It’s been nearly two years since The Order: 1886 was first unveiled at E3. Unfortunately for developer, Ready at Dawn, it’s been anything but a smooth road to release for their new IP. Despite all the anticipation surrounding the game, early demos were met with mixed feedback and prompted the studio to delay its release. Even when it looked like things were finally on track for Ready at Dawn, the game leaked early and video playthroughs were posted online claiming the campaign took a mere five hours to complete.
Now that the game has officially been released it seems that the studio’s woes may just be beginning. The Order: 1886 is a complicated game to evaluate. From a graphical and technical standpoint there’s nothing else like it. The graphics are without a doubt the most impressive seen on any console to date. The effort that went into painstakingly recreating 19th century London, right down to the last thread, is a remarkable accomplishment. The environments, characters, and atmospheric effects are awe inspiring. But for The Order: 1886 the emphasis on detail and realism comes at a steep price.

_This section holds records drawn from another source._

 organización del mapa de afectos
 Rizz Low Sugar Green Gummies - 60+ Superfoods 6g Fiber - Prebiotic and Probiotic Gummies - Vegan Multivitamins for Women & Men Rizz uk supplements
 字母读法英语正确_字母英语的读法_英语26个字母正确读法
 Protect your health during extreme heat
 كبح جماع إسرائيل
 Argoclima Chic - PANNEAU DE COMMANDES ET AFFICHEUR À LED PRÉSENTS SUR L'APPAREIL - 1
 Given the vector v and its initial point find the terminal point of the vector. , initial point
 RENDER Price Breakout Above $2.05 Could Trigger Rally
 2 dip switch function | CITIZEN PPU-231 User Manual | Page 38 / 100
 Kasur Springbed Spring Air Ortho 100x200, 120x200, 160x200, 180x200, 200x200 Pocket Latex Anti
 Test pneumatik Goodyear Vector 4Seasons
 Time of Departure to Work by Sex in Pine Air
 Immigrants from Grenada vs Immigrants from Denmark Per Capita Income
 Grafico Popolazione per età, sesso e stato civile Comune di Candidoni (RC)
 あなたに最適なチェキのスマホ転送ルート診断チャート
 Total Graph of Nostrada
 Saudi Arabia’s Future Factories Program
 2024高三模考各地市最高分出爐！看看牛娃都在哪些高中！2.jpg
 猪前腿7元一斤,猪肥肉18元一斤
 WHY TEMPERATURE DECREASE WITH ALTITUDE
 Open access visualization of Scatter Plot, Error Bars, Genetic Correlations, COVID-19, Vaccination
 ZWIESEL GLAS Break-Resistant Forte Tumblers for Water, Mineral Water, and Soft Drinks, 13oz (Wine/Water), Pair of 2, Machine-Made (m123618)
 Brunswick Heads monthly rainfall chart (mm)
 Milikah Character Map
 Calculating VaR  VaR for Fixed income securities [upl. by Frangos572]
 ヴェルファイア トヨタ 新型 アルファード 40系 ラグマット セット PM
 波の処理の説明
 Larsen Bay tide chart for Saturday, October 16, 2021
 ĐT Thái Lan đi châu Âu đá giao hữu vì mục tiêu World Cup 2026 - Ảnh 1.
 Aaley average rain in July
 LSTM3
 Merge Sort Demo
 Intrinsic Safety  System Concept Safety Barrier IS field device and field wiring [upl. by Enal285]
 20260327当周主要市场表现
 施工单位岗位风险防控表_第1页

The narrative is a promising one with the plot taking place in an alternate version of London in the late 1800’s. It’s during the industrial revolution but with advancements in machinery and technology far surpassing that of history. Players take on the role of Sir Galahad, a knight belonging to The Order. The Order is a secret society stemming from King Arthur’s Knights of the Round Table and sworn to protect the city from a race of lycans known as halfbreeds. In addition to the ongoing lycan threat the White Chapel district has also been plagued with rebel attacks and the infamous murders of Jack the Ripper.
Although the story is compelling it’s hard to ever completely embrace due to the game’s glacial pacing. The campaign is short and takes anywhere from six to seven hours to complete depending on how diligently you scour the environments for collectibles. And of that time, players can expect to spend about half of it watching cutscenes. The overall experience is more akin to a movie rather than a game. It’s popular these days for games to be highly cinematic in nature but it requires a delicate balance. A balance The Order: 1886 never achieves. There are only a handful of action sequences interspersed throughout the hours of cutscenes. The action sequences are engaging but do grow increasingly repetitive as the story crawls along. There is also an abundance of frustrating quicktime events where a missed button press results in Galahad taking a bullet to the face or being mauled to death by a lycan elder. It’s a good thing the game is so beautiful to watch because players will find themselves spending almost half of the campaign doing just that.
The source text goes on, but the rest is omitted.